It was early morning. It was that tingly cold that makes you put on your warmest slippers and flannel robe. As I headed downstairs I cursed my attraction to century farmhouses. Although we tried mightily to seal old glass windows and run heating vents through almost petrified wood beams, the upstairs was always chilly and even more so in late November with an early cold spell bringing snow and wind to upstate Ohio.
On the way to the kitchen I turned up the thermostat several notches. I turned on the kitchen light and the golden tones of the wooden cabinets and floors glowed. The double window over the kitchen sink reflected a light glittering of snow dusted pink, rose and gold from the first rays of the Eastern sun. The gnarled ancient apple tree branches silhouetted against the pale lavender morning sky cast their charm over me as they always did. The pilot light on my old white enamel stove was out again but I struck a match and the burner glowed warm in the still chilly kitchen. I checked that the oven pilot light was working and turned that on as well. In deference to the early hour I had left my cast iron skillet, biggest roasting pan and a basket of onions out on the counter the night before.
The refrigerator supplied the butter, celery and a fat turkey ready to be stuffed. Very soon chopped onion and celery were simmering away in butter and their savory scents perfumed the kitchen air. This was the smell of every Thanksgiving past in our family. It was the same scent I anticipated each year when my parent rose at dawn to begin the preparation of our childhood feasts. I can remember laying in my cozy bed and smelling Thanksgiving as it drifted through the house. I hoped my children were having those same feelings on this day.
My huge yellow-ware bowl, used only for preparing food in massive quantities, easily held all my bread crumbs, bread cubes and spices - pungent sage and coarse black pepper, the coarse glisten of the kosher salt, the soft, enticing smell of the marjoram. All of the scents combined in that big yellow bowl…ahhh, the fragrance of memories. Soon the onions and celery were tender and the chicken broth warmed and the dressing became moist and aromatic with their addition.
The kitchen had become warm and wonderful and soon the stuffed turkey was in for its long roasting time. The extra stuffing was in its buttered casserole with a scoop saved out inside my little pink stoneware bowl. Now it was time to make some coffee and then to start the dinner roll dough rising, time to make the pie crust dough so it could chill for several hours, time to start chopping vegetables…
But first… a fresh cup of coffee and cream and a small pink bowl filled with stuffing needed to be eaten in front of the big windows overlooking the apple trees and the rosy morning glow of the sky.
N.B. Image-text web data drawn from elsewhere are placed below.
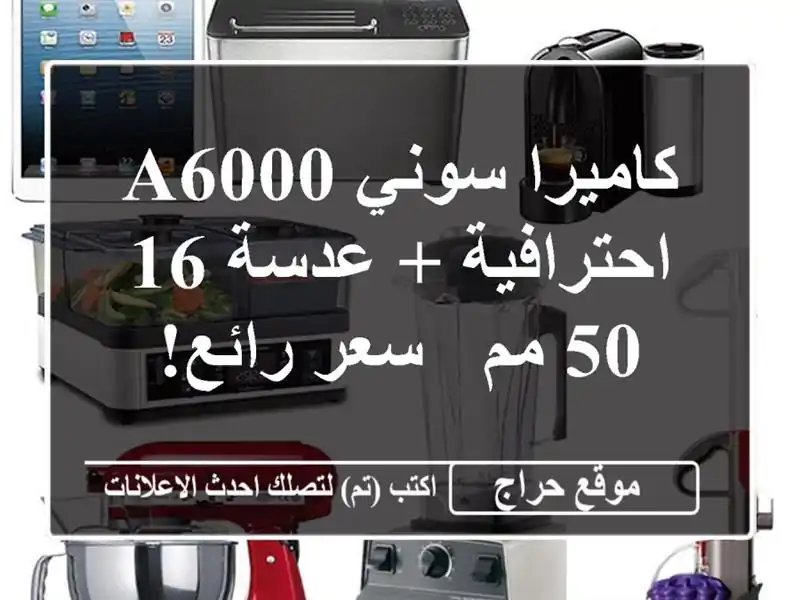 كاميرا سوني α6000 احترافية + عدسة 16-50 مم - سعر رائع!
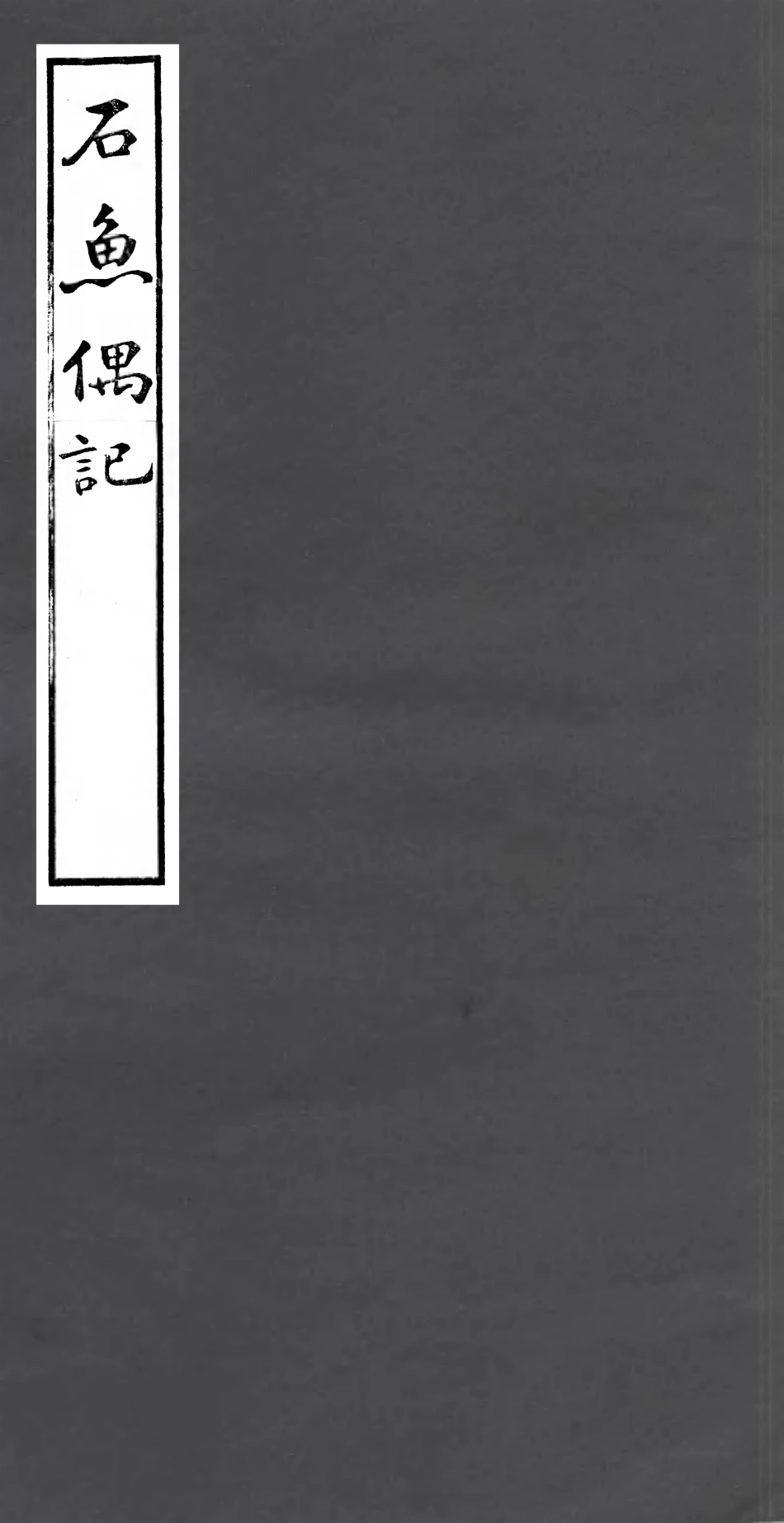 106981-四明叢書石魚偶記_張壽鏞鄞縣張氏約園 .pdf_第1页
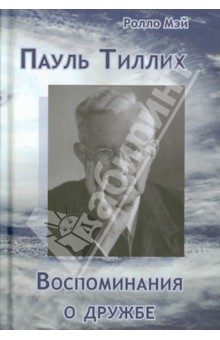 Ролло Мэй - Пауль Тиллих. Воспоминание о дружбе обложка книги Ролло Мэй - Пауль Тиллих. Воспоминание о дружбе обложка книги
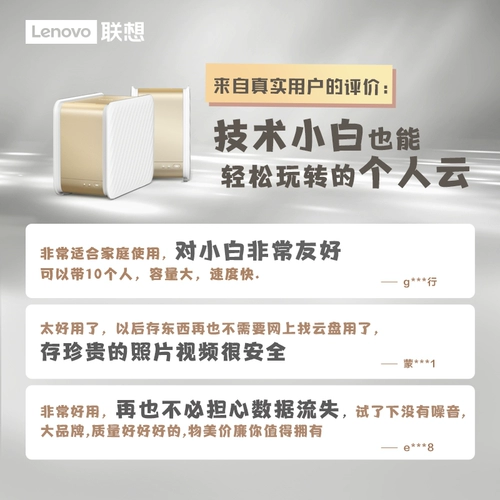 Lenovo Personal Cloud Cloud T2NAS Сервер Серверов Связь семьи Семейство Личное облачное хранилище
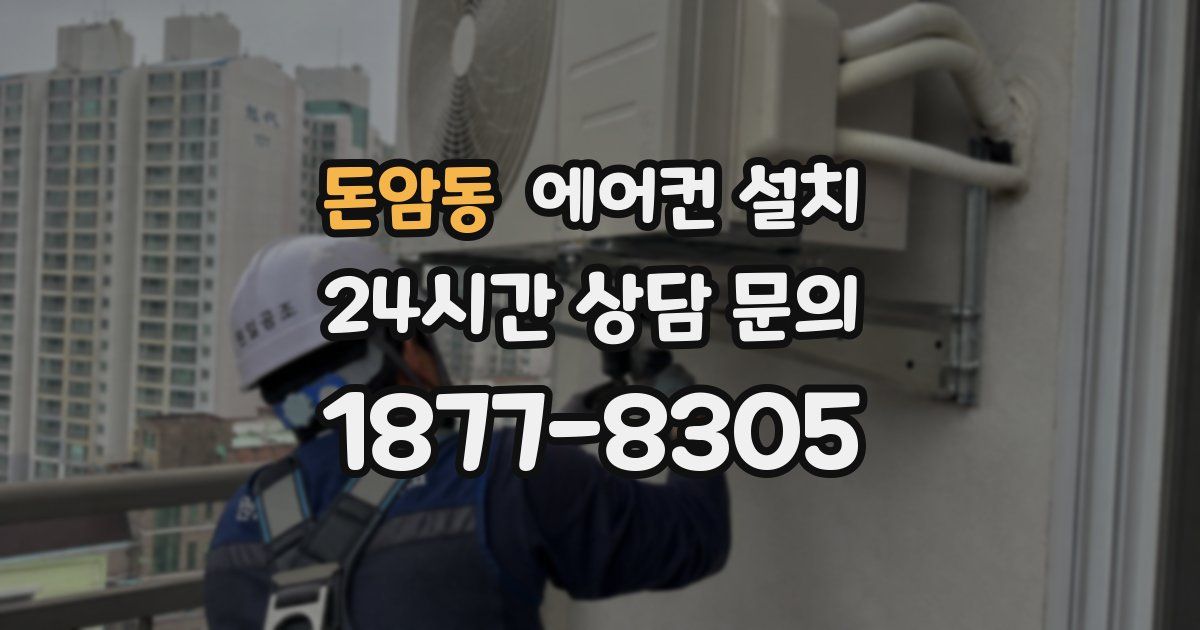 돈암동 에어컨 설치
The house was quiet, the wooly throw was warm on my lap, my children were safely asleep upstairs.
Later the house would fill with relatives and laughter and teasing and conversation. Pies, mashed potatoes, the magnificent turkey, the flavorful stuffing, the yeasty warm dinner rolls, and the homemade jellies glistening like jewels would fill the table.
But for now, my coffee was perfect, the stuffing was savory, memories of all the Thanksgivings that had come before warmed my mind and this moment and this magic was my Thanksgiving.